Though most of my fellow refugees pretended to be miserable, (the Navy-issued blankets were scratchy, the Astroturf smelled like urine) I was honest with my happiness at this latest calamity. I loved this. I could write in my diary that something extraordinary had happened today – I could make phone calls and say Guess where I am. I had dinner at the hot-dog stand behind the bleachers. Where else would I rather be? I hated my apartment. I hated the elevator that brought me up to it, with its stained checkered ceiling and faded emergency buttons. I hated my mailbox. I hated my shower curtain. I hated my toothbrush holder. I really hated the generic “Pollock-like” paintings in my hallway. Plus all those doors. Most of them had Thai-restaurant fliers hanging around the doorknobs. Behind all those doors were people who I would never know or want to know. There was a sex-offender who lived next to me. He hadn’t reported that he was a sex-offender and so at one in the morning they dragged him out of his bed. He wore purple velvet slippers.
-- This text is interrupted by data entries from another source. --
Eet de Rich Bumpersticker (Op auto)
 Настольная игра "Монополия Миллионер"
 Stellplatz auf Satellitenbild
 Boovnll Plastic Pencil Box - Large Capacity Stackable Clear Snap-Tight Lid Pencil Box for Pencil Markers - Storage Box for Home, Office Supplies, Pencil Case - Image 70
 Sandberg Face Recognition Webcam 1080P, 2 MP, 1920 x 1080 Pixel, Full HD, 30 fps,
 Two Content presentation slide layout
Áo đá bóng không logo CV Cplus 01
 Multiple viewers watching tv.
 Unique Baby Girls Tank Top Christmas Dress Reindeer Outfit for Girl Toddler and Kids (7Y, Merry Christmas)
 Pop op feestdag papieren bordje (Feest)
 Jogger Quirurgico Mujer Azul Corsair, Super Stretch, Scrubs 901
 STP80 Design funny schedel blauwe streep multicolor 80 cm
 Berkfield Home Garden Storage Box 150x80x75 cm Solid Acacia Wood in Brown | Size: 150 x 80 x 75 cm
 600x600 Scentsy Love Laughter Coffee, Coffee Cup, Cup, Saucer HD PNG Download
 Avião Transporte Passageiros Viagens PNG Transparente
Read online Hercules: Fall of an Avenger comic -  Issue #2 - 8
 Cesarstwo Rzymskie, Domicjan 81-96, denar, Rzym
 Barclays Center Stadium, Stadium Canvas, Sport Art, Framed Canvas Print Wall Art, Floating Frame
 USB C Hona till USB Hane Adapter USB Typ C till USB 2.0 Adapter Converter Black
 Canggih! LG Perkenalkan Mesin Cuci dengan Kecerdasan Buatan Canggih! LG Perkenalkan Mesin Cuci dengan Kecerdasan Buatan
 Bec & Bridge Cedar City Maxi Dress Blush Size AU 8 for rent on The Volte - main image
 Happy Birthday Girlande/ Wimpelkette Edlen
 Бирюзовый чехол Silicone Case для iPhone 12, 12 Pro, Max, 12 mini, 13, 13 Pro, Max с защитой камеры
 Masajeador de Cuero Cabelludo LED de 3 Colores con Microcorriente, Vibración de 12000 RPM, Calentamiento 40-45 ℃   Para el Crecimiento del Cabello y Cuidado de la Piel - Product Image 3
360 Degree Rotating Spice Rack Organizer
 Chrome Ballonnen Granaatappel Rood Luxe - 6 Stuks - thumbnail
I’ve always liked stadiums. Fifty thousand hearts stuffed into one metal receptacle. I hadn’t been this excited since my mother died. In the stadium I was a part of something. This was my September 11th. Red Cross nurses came down the aisles and served us coffee and donuts. I chatted with a family who had had brought their five Dobermans. I let them lap my legs. As a lullaby, the massive P.A. speakers blasted Take Me Out To The Ballgame. I stood and removed my hat and following my lead, several others did as well. As I sang along with the other twenty thousand of my displaced brethren with my toes on the 35-yardline, my eyes misted. Who wrote this song again? I wanted to kiss him. The last few words were so beautiful.

And the hooooooome of theeeeeeee braaaaaave.

We clapped and then they dimmed the lights.

“Good night,” Kit said from his cot on the 37-yardline.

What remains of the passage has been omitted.